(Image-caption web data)
((
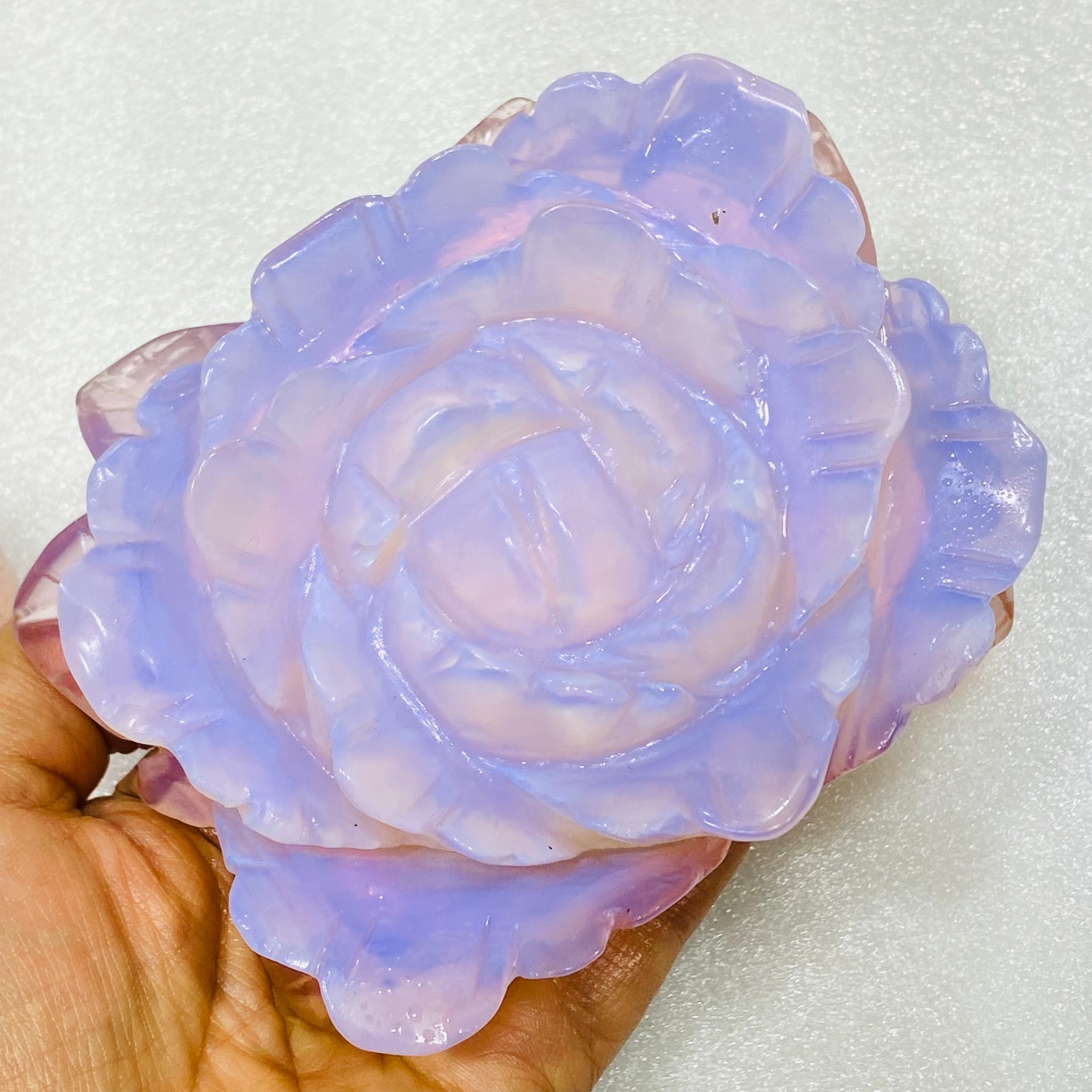 110mm+ Natural pink Opal quartz Flower hand Carved crystal healing 1PC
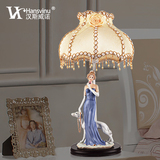 汉斯威诺卧室陶瓷台灯 现代布艺床头灯 欧式婚庆创意时尚公主台灯
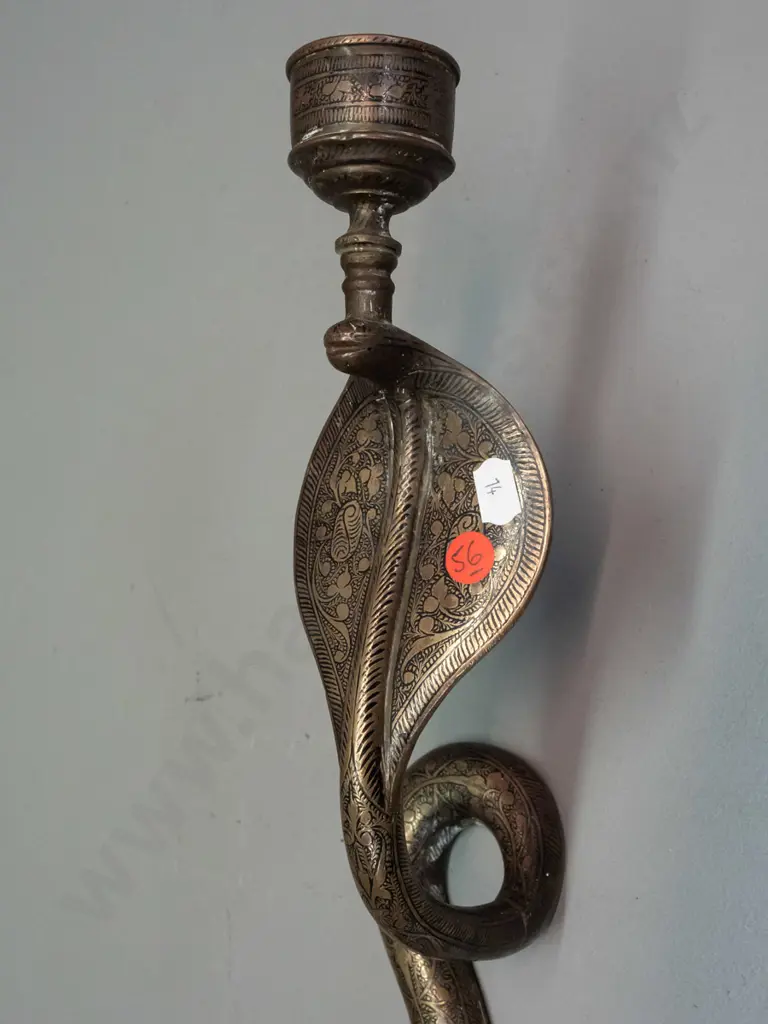cast and engraved metal cobra shaped wall mount candle sconce - no maker's marks. Sconce fitting loose from stripped Image 1++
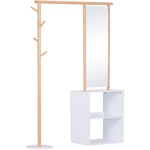Porte-manteaux meuble d'entrée vestiaire penderie avec miroir 4 patères 2 niches dim. 100L x 34l x 164H cm mdf blanc bois massif bambou - Homcom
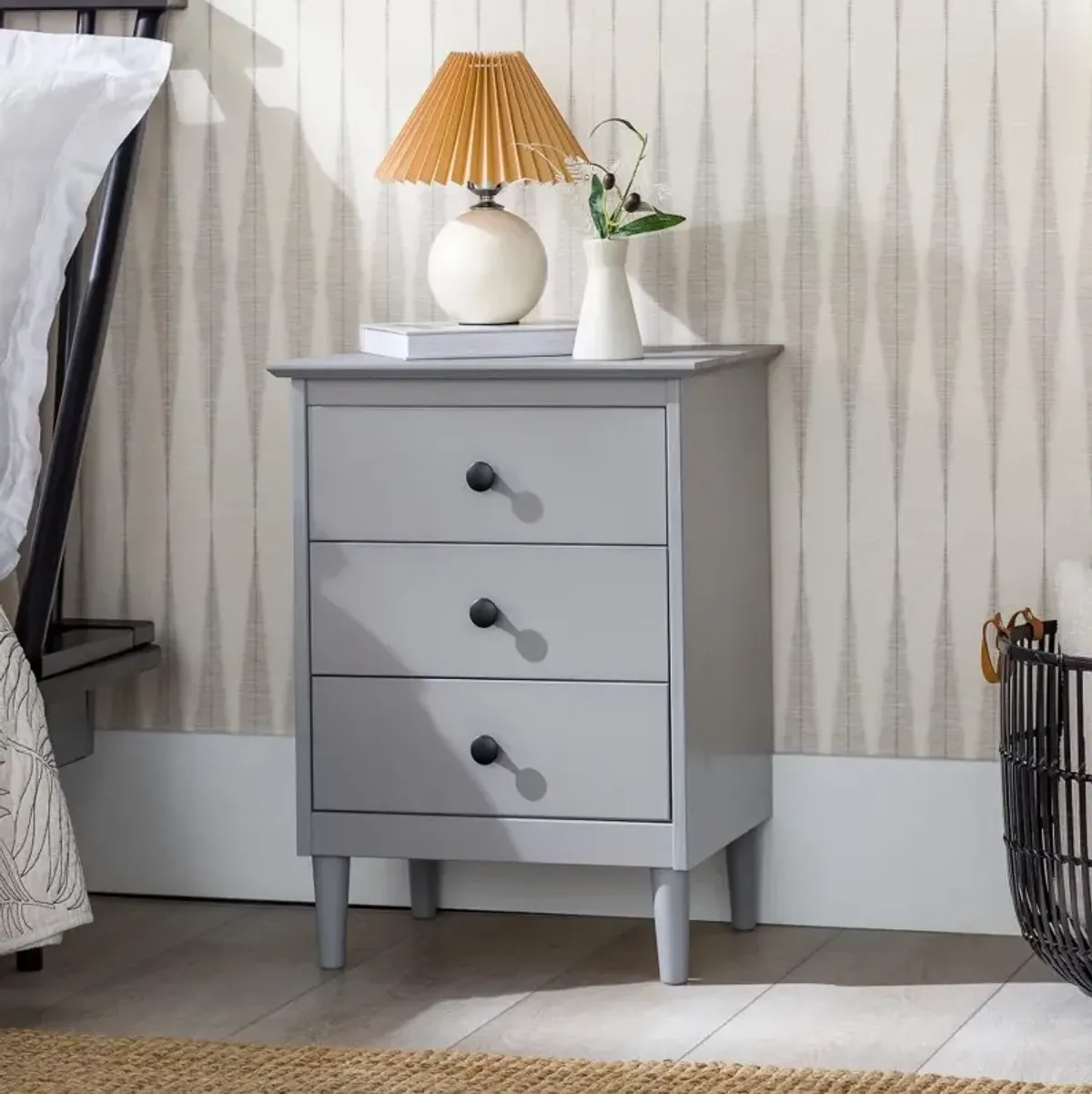 Spencer Gray 3-Drawer Nightstand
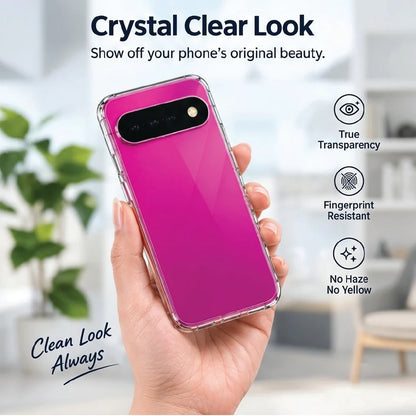 Google Pixel 11 in clear case held in hand – true transparency, fingerprint resistant, no yellowing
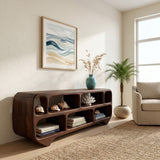 Organic Modern Rounded Low Bookshelf For Living Room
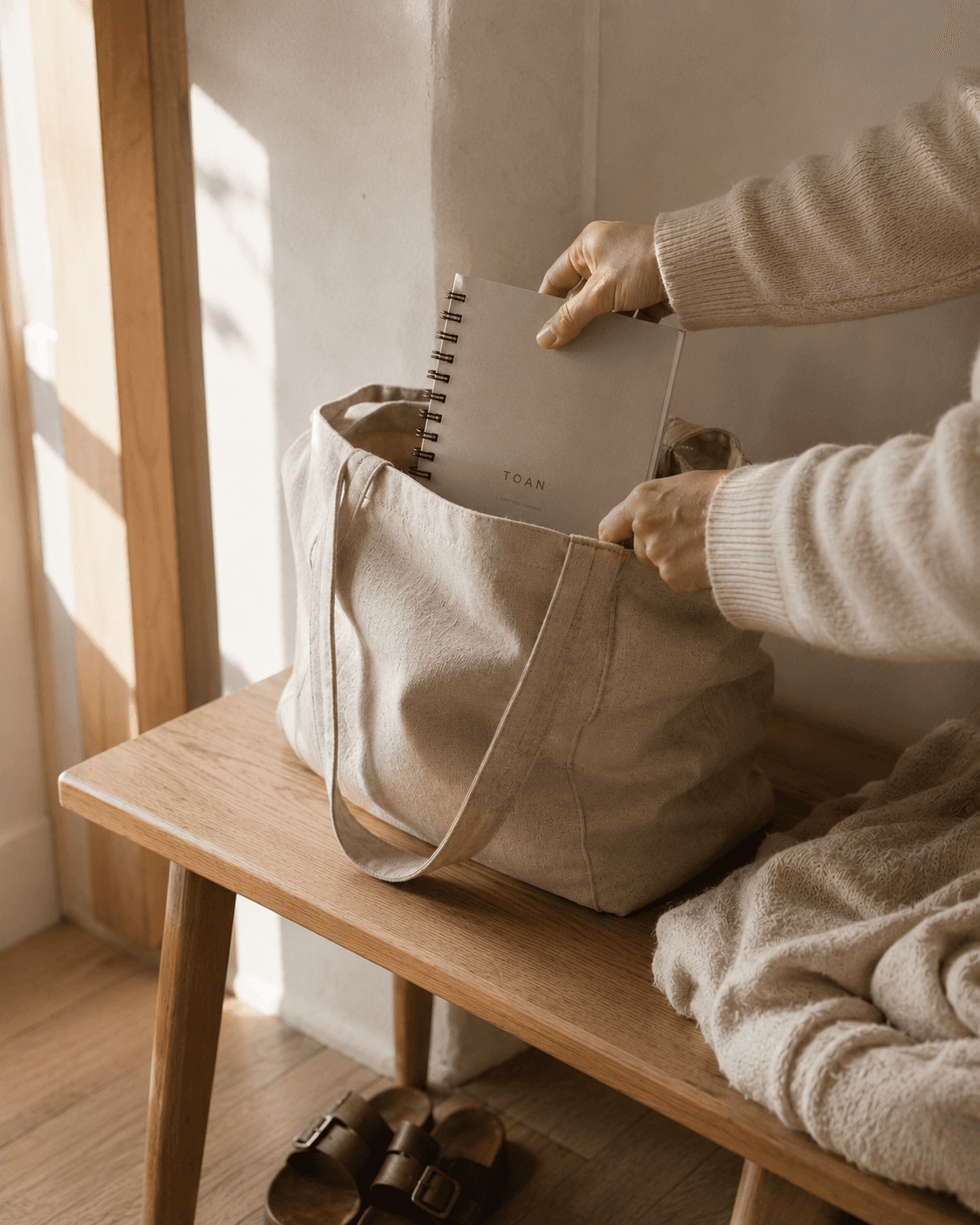 TOAN planner carried in a tote — everyday life context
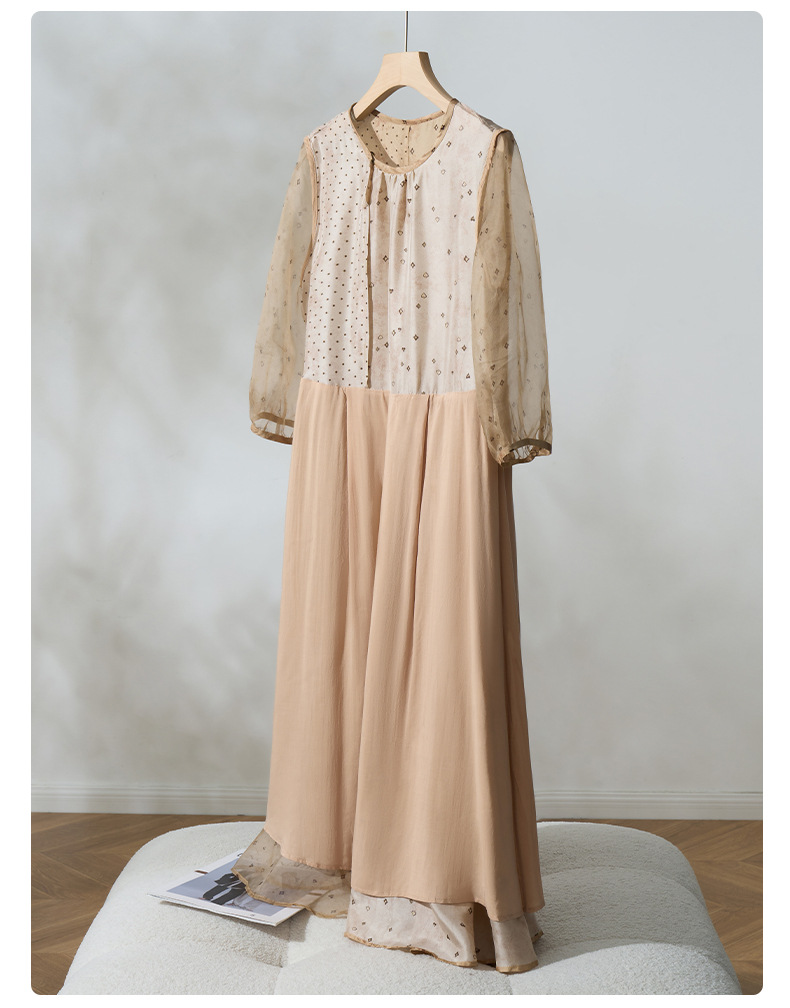 荣太设计师定染黑桃印花真丝连衣裙女拼接欧根纱桑蚕丝裙子系带详情43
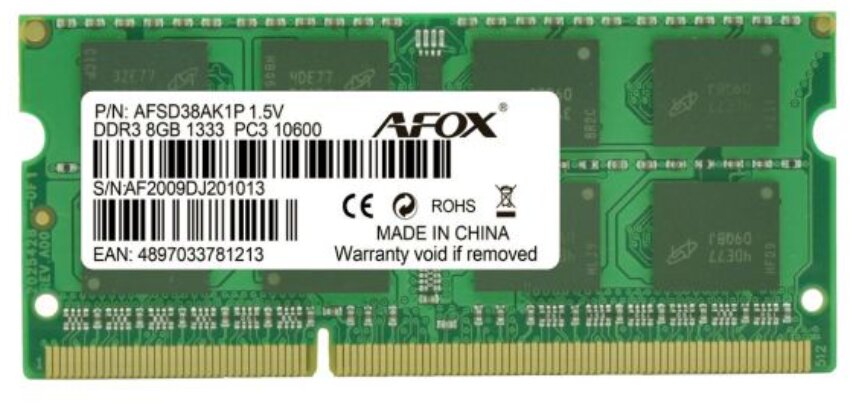 AFOX SO-DIMM DDR3 8GB memory module 1333 MHz цена и информация | Operatiivmälu (RAM) | kaup24.ee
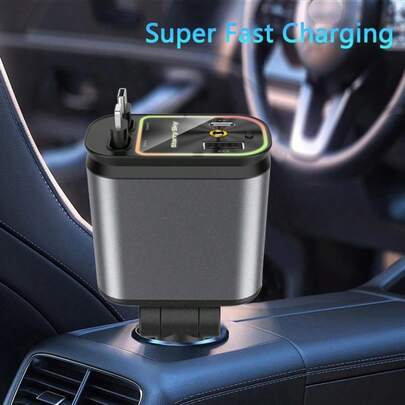 W&O Starry Sky Top Fast Car Charger - Purple Lighting, 4-In-1 Retractable Charger, Dual 80cm/31-Inch Retractable Cable Car Charger, Car Plug Adapter With RGB Lighting, 2 USB Port Adapters, Durable Free Design For Easy Use - Adapter For IPhone 16/15/14/13 Plus//Pro/Pro Max/Android Phones, For Galaxy S25/24, Pixel, And Other Tablets, For Fast Car Charging, Wireless Fast Charging, High-Speed Mobile Phone Charger, Fast Charging Adapter, Retractable Car Charger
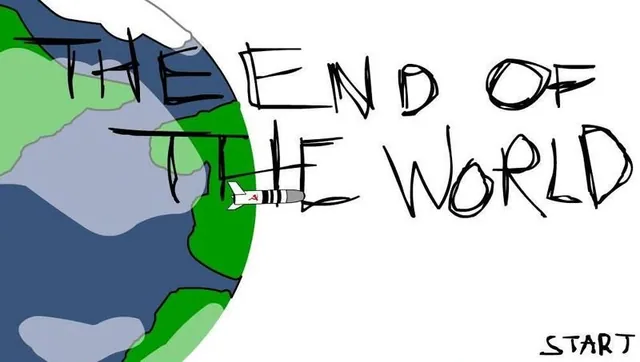 The End of the World meme card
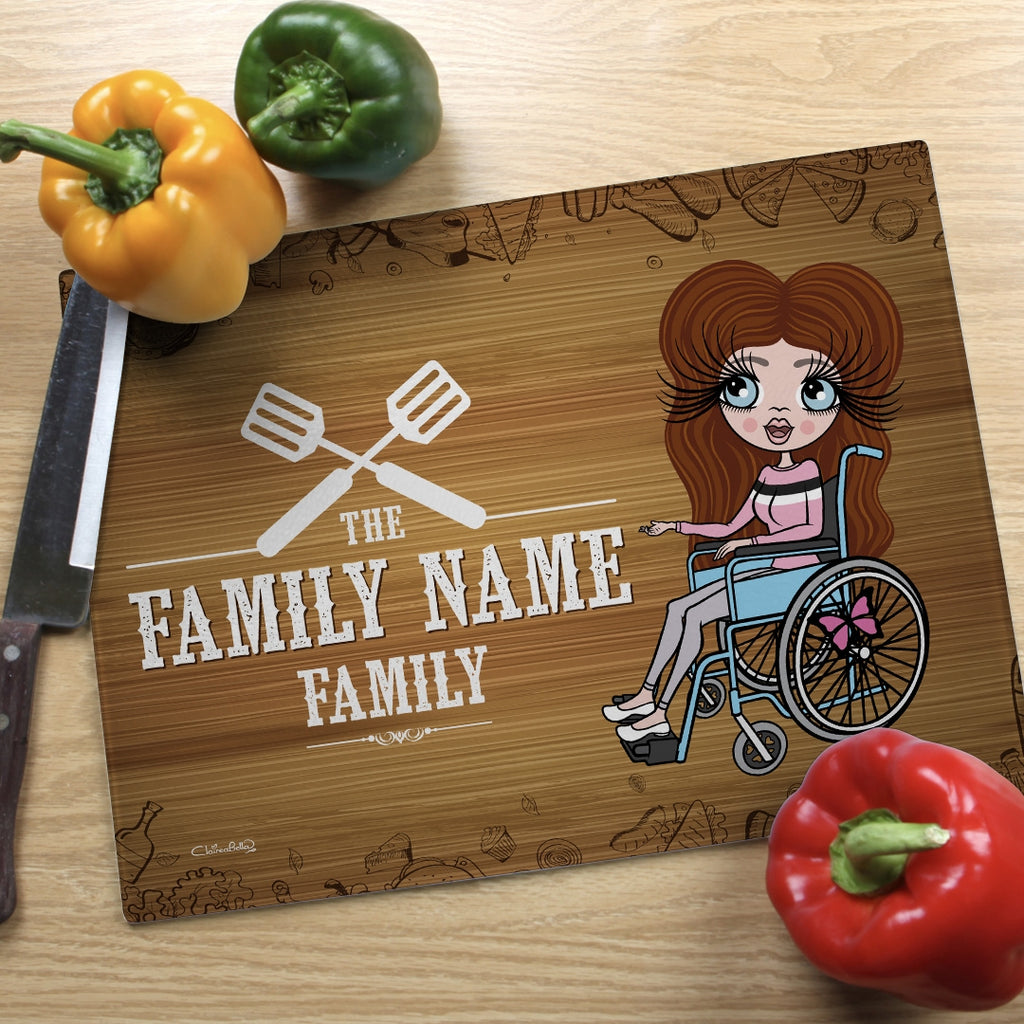 ClaireaBella Wheelchair Glass Chopping Board - Family Name - Image 1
))
> WHAT YOU ARE ASKED TO DO:
The answer must be the lines above, word for word, from the first one through the line with "Organic Modern Rounded", pictures excluded.

> SOLUTION:
 110mm+ Natural pink Opal quartz Flower hand Carved crystal healing 1PC
 汉斯威诺卧室陶瓷台灯 现代布艺床头灯 欧式婚庆创意时尚公主台灯
cast and engraved metal cobra shaped wall mount candle sconce - no maker's marks. Sconce fitting loose from stripped Image 1++
Porte-manteaux meuble d'entrée vestiaire penderie avec miroir 4 patères 2 niches dim. 100L x 34l x 164H cm mdf blanc bois massif bambou - Homcom
 Spencer Gray 3-Drawer Nightstand
 Google Pixel 11 in clear case held in hand – true transparency, fingerprint resistant, no yellowing
 Organic Modern Rounded Low Bookshelf For Living Room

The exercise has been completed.